Gross-stark conjectures, abelian L-functions and algebraic cycles

Gross-stark 猜想、阿贝尔 L 函数和代数圈

• 批准号: 371968-2009
• 负责人: Chapdelaine, Hugo
• 金额: $ 1.53万
• 依托单位: Université Laval
• 依托单位国家: 加拿大
• 项目类别: Discovery Grants Program - Individual
• 财政年份: 2011
• 资助国家: 加拿大
• 起止时间: 2011-01-01 至 2012-12-31
• 项目状态: 已结题
• 来源: https://www.nserc-crsng.gc.ca/ase-oro/Details-Detailles_eng.asp?id=483814
• 关键词: Gross; stark; conjectures; abelian; functions

Let K be a number field and let G_K be the absolute Galois group of K. In the case where one deals with one dimensional representations of G_K, Class field theory provides a correspondence between these L-functions and finite abelian extensions of K. The L-functions coming from one dimensional representations are called abelian L-functions. In some cases, these abelian L-functions vanish precisely with order one at s=0. The last assumption implies that K is either a totally real number field or an almost totally real field (ATR for short). In the early seventies, Harold Stark made deep conjectures which relate the first derivative of such L-functions at s=0 with units lying in abelian extensions of K. This conjecture is striking since it relates a special value of an L-function (analytic data) with a certain unit in an abelian extension of K (algebraic data). Harold Stark could prove this conjecture in the special case where K is the field of rational numbers or K is an imaginary quadratic number field. He could prove it by relating the first derivative of the L-function to a special value of a nice holomorphic function which satisfies many symmetries, a so-called modular function. The main goal of my research is to find the "right mathematical object" that should replace the role played by the modular functions in the general case where K is either a totally real field or an ATR field. So far, this mathematical object seems to be very elusive and it is expected that any progress made on this problem will bring together different areas like analysis, algebra and differential geometry. All these mentioned themes appear in various guises in number theory and we, number theorists, would like to clarify their relationships in order to have a more unified understanding.

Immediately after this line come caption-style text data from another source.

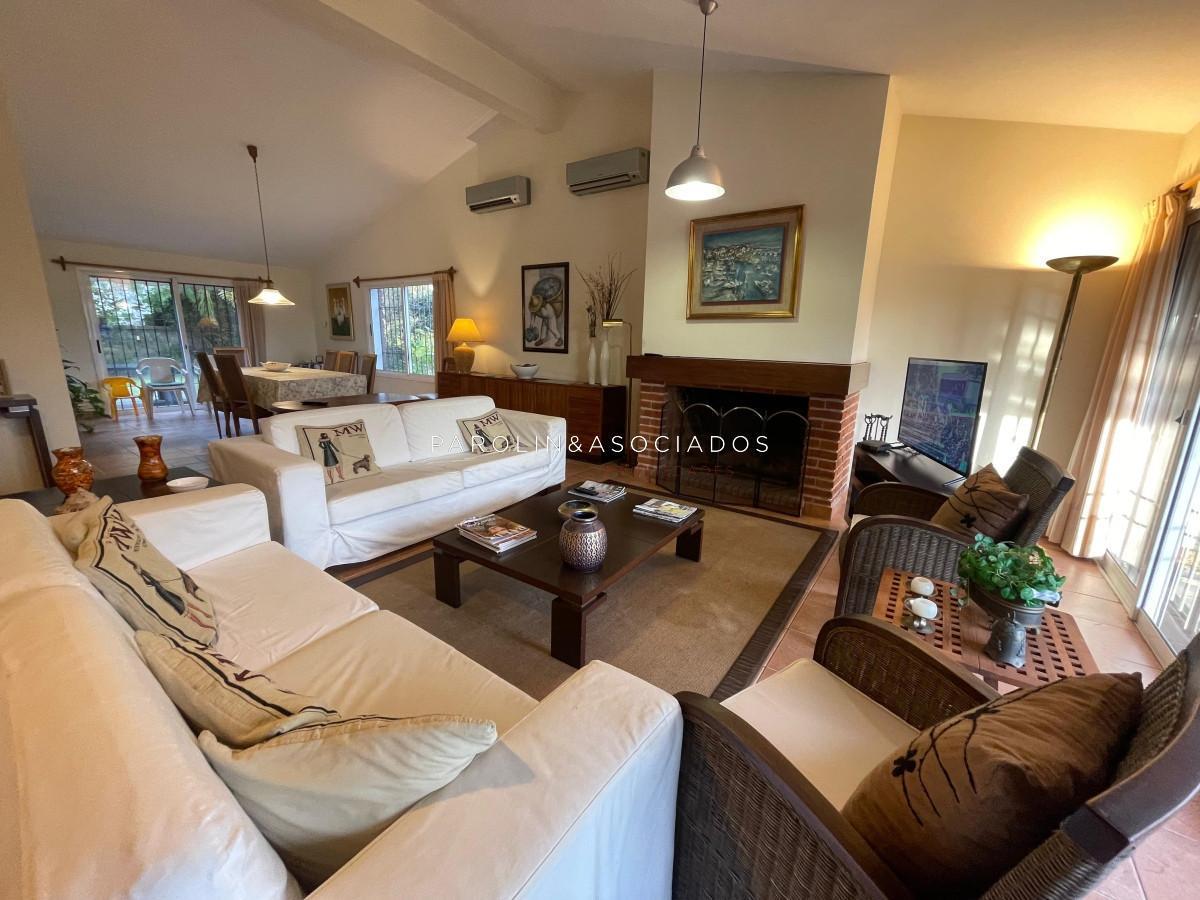 Foto de VENTA CASA 4 DORMITORIOS PLAYA MANSA, imagen 3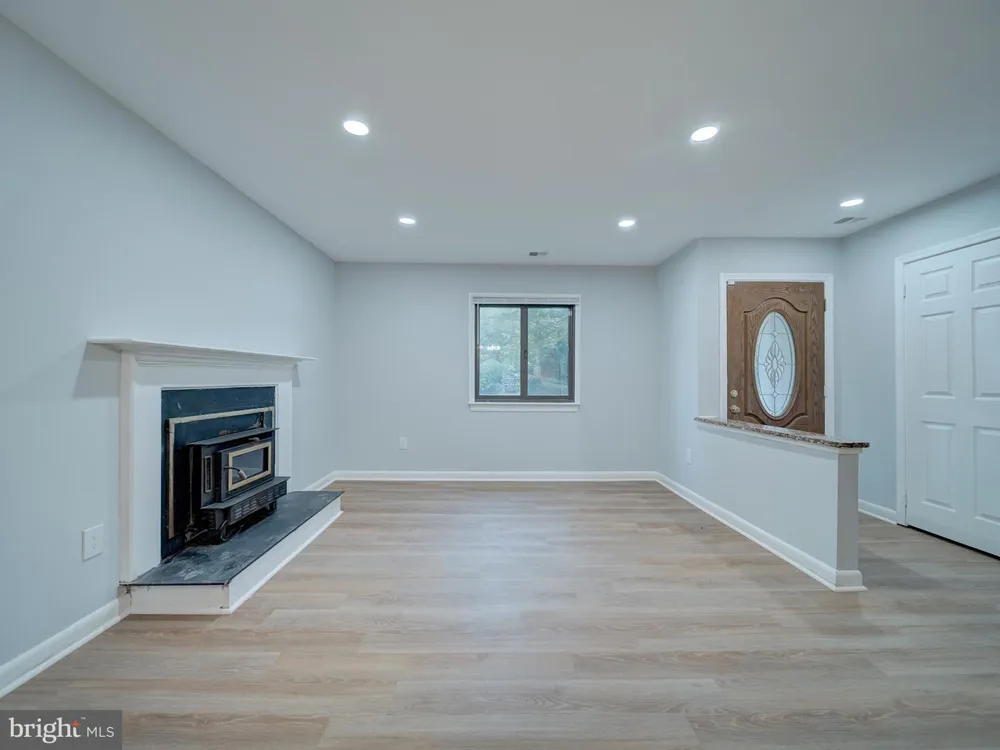 11301 GATESBOROUGH LANE Reston, VA 20191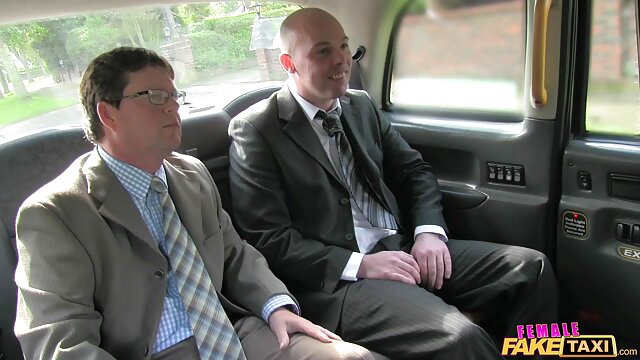 رابطه سکس مادر حشری جنسی با عاشقان و همسران.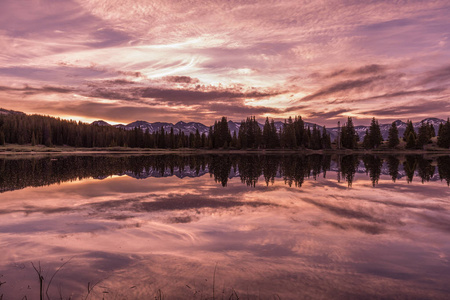 科罗拉多荒野湖日出倒影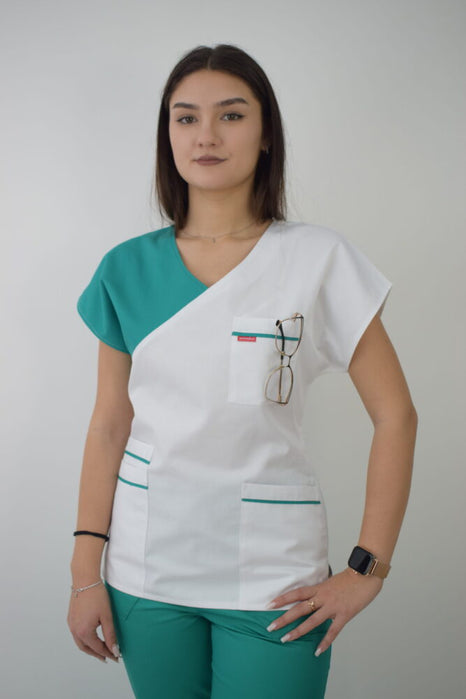 Uniforma Pentru Femei A02 Alb + Verde Inchis Cu Pantaloni Albi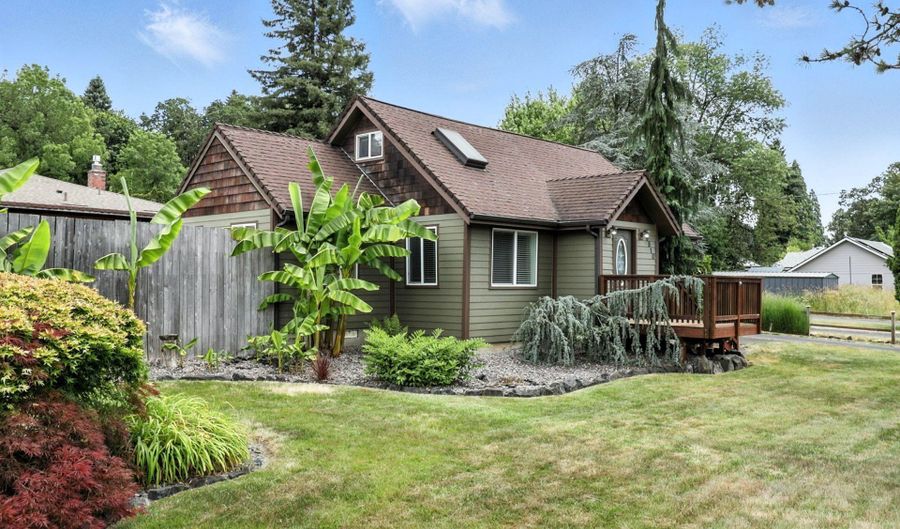 16510 SE GORDON St, Milwaukie, OR 97267 - 3 Beds, 2 Bath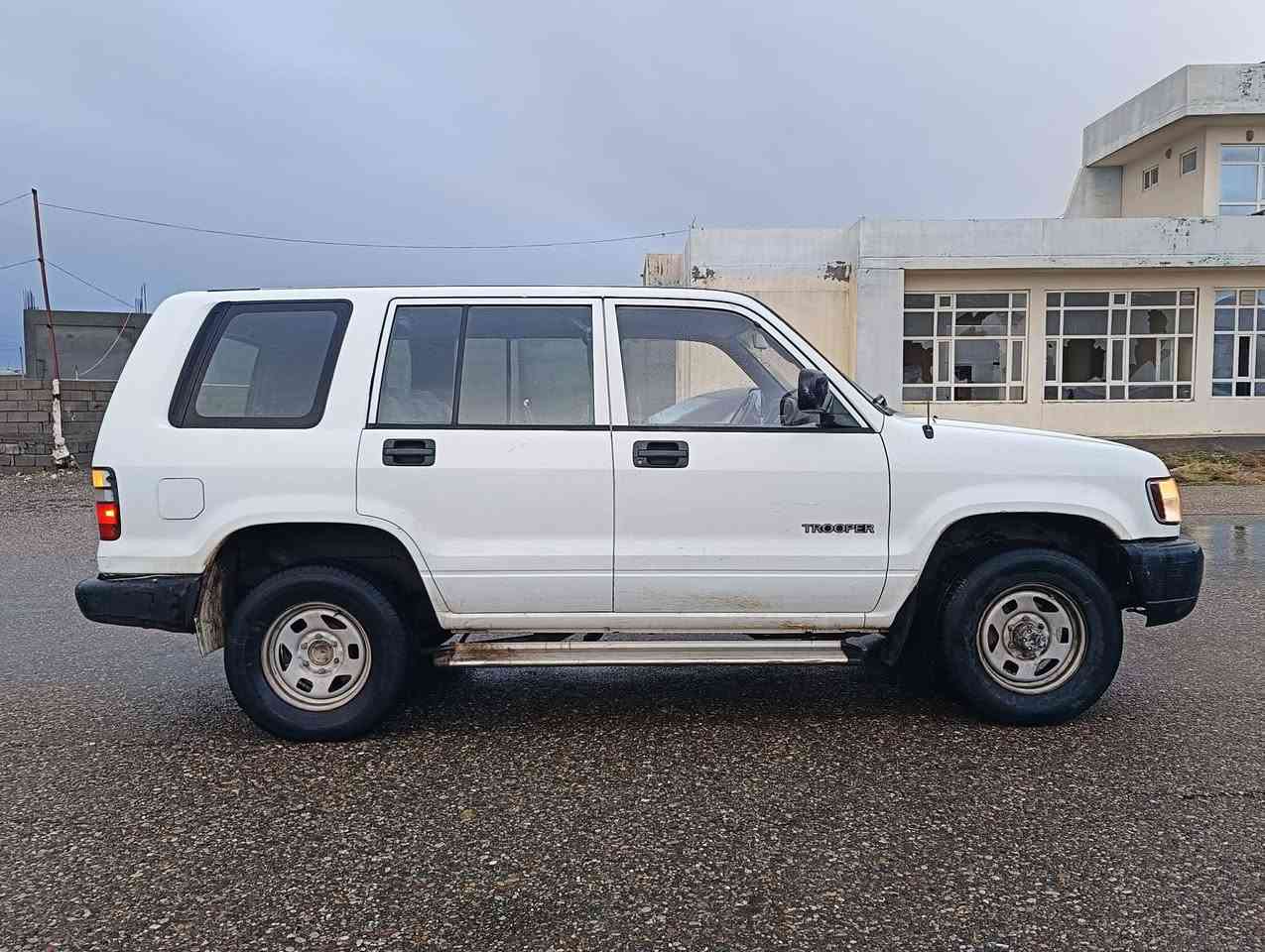 ئاسۆزی مۆدێل 2000گێڕومەنەوئەکسل گشت گیانی بەشەرت ڕەقەم سلێمانی سەنەوی تازەیە کارتی بەنزینی هەیە حوڕە بۆهەموو عێراق بێ دەعم ولێدراوی بۆیاغی نیه کارەبای کامل مەزبوت ***********ژ.م***********سعری48گڵاویەک تۆزێک مەجال ناونیشان چەمچەماڵ
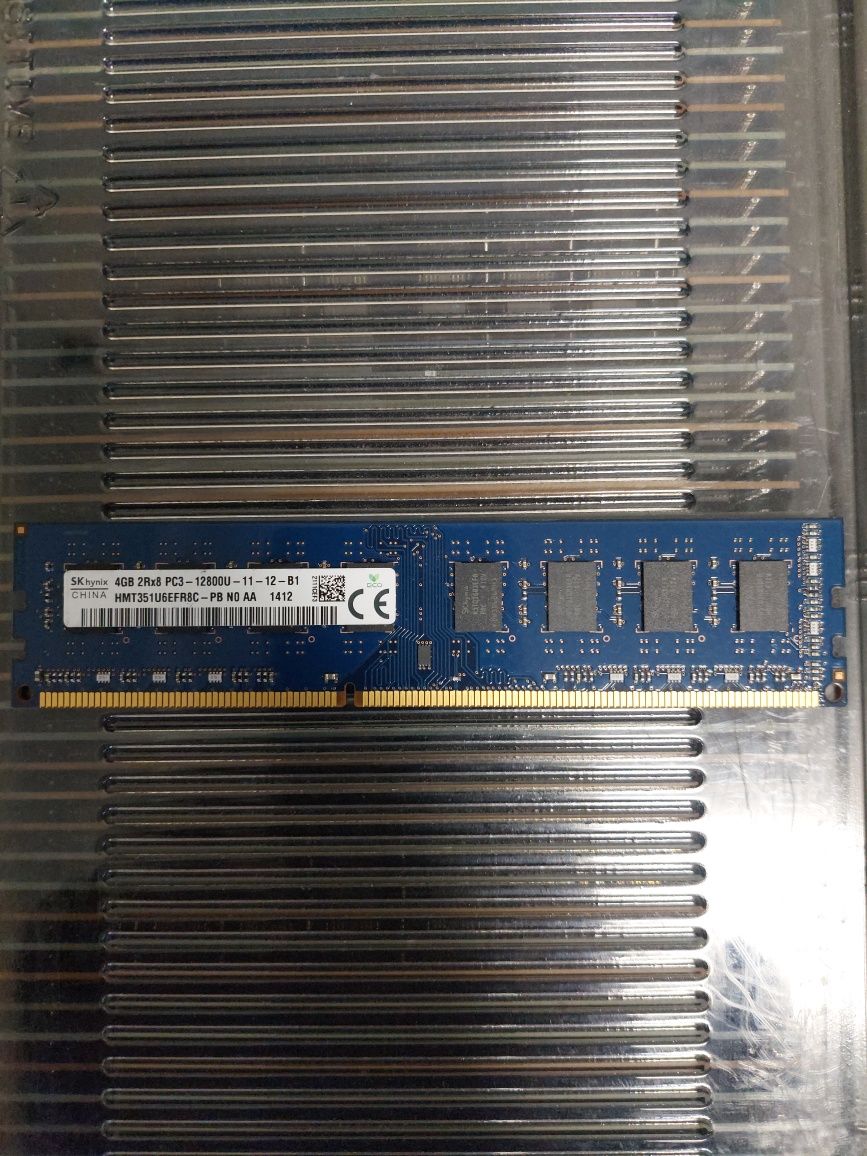 Продам оперативну пам'ять SK hynix DDR3 4Gb 1600MHz PC3-12800U б/к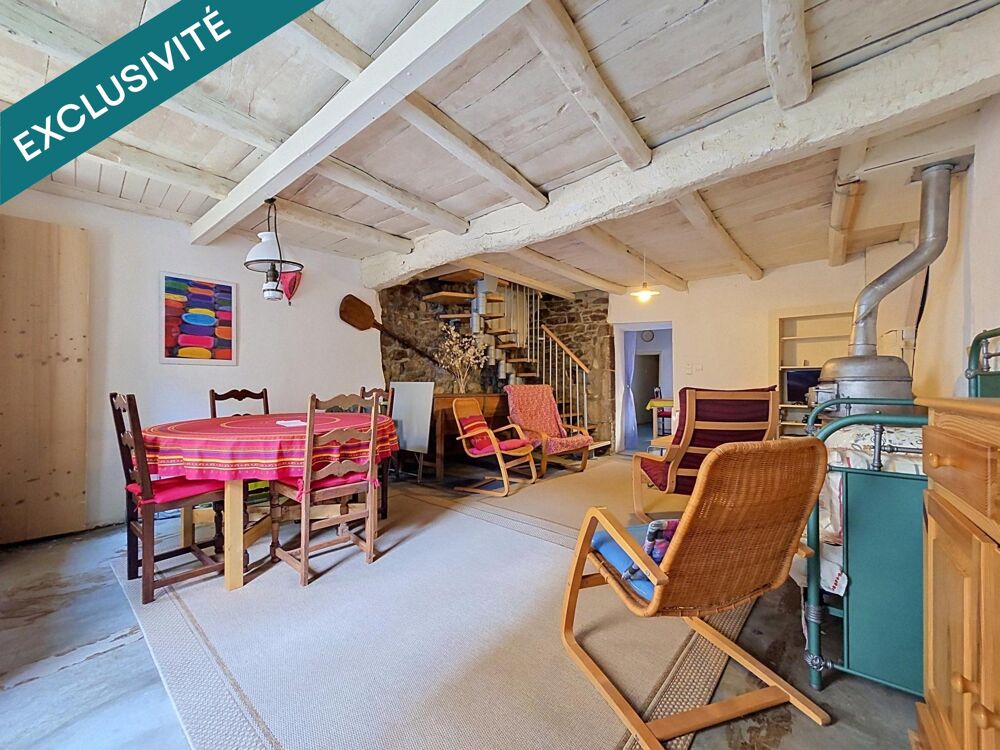 Vente Maison Une maison de caractère avec deux terrasses, superbe cave voûtée et plus de 1 150 m² de terrain, au cœur de Camplong. Camplong
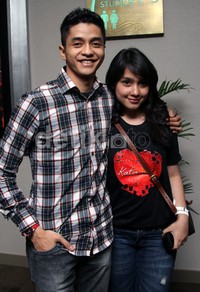 Dia Dina. Kenal, udah sering ketemu, terakhir ketemu acara ulang tahun, gue ngasih surprise, dan dia seneng, suka kali sama gue. Abis acara ulang tahun dia, nyambung, ya udah jalanin, ujar Adly tersenyum. Gus Mun/detikHOT.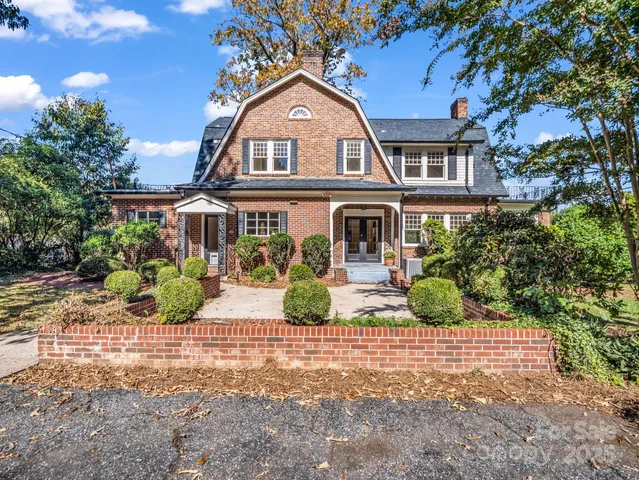 $699,900 | 20 6th Avenue Northeast, Hickory, NC 28601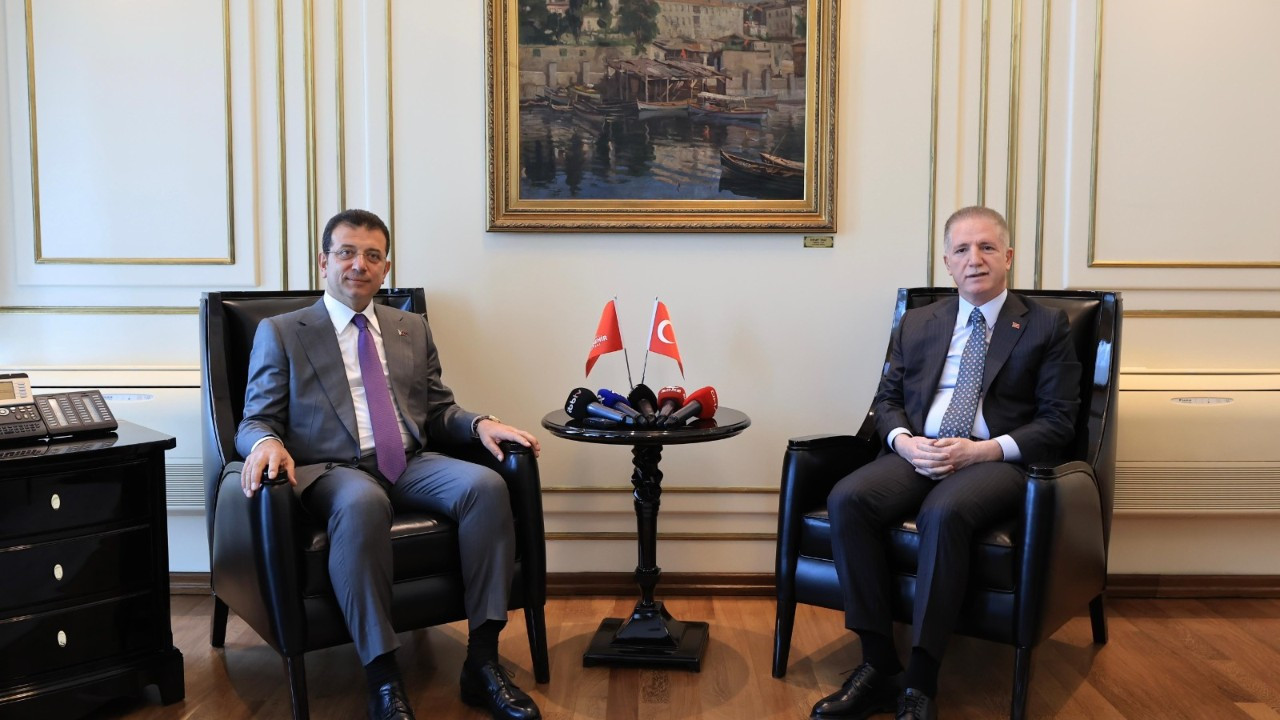 İstanbul Valisi Davut Gül, Ekrem İmamoğlu'nu ziyaret etti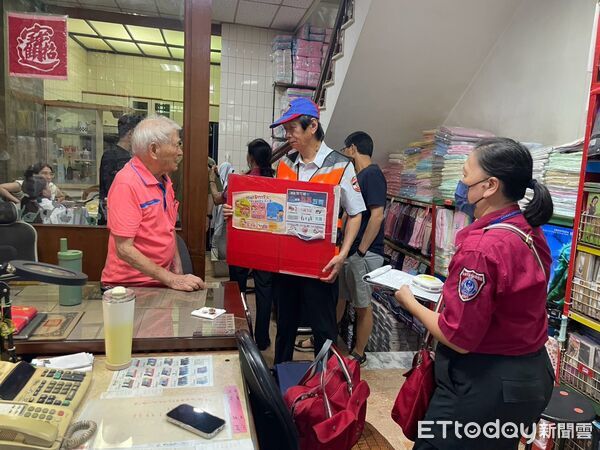 ▲台南市消防局德興消防分隊攜手婦宣及文南里社區巡守隊,深入社區辦理防火防災宣導。(記者林東良翻攝,下同)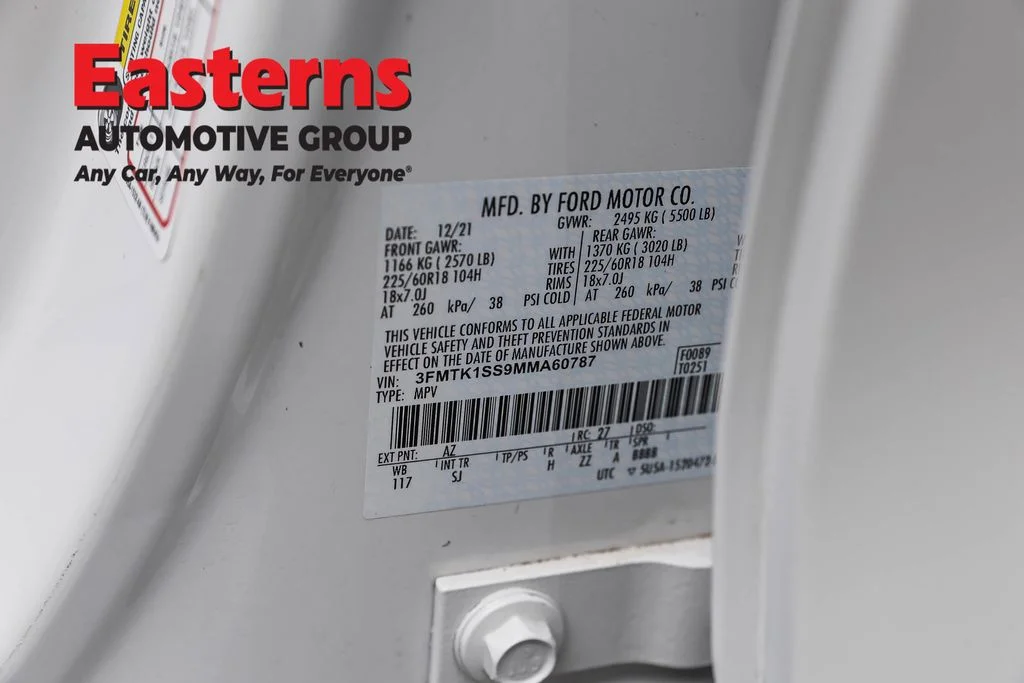 Used 2021 White Ford Select image 36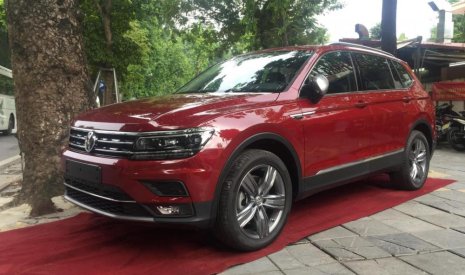 Volkswagen Tiguan 2018 - Bán Volkswagen Tiguan 2018, đủ màu, nhập khẩu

设K是数域，G_K是K的绝对伽罗瓦群。在处理G_K的一维表示的情况下，类域理论提供了这些L函数与K的有限阿贝尔扩张之间的对应。来自一维表示的L函数称为阿贝尔L函数。在某些情况下，这些阿贝尔L函数在S=0时以一阶精确地消失。最后一个假设意味着K要么是全实数域，要么是几乎全实数域(简称ATR)。二十世纪七十年代初，Harold Stark提出了一个深层次的猜想，它把这种L函数在S=0的一阶导数与K的阿贝尔扩张中的单位联系起来。这个猜想之所以引人注目，是因为它把一个L函数(分析数据)的特定值与K(代数数据)的阿贝尔扩张中的某个单位联系起来。在K是有理数域或K是虚二次数域的特殊情况下，Harold Stark可以证明这一猜想。他可以通过将L函数的一阶导数与满足多种对称性的好的全纯函数的特定值联系起来来证明这一点，这就是所谓的模函数。我研究的主要目的是在K是全实域或ATR域的一般情况下，找到应该取代模函数所起作用的“正确的数学对象”。到目前为止，这个数学对象似乎非常难以捉摸，预计在这个问题上取得的任何进展都将汇集不同的领域，如分析、代数和微分几何。所有这些主题都以不同的形式出现在数论中，我们作为数论家，希望澄清它们之间的关系，以便有更统一的理解。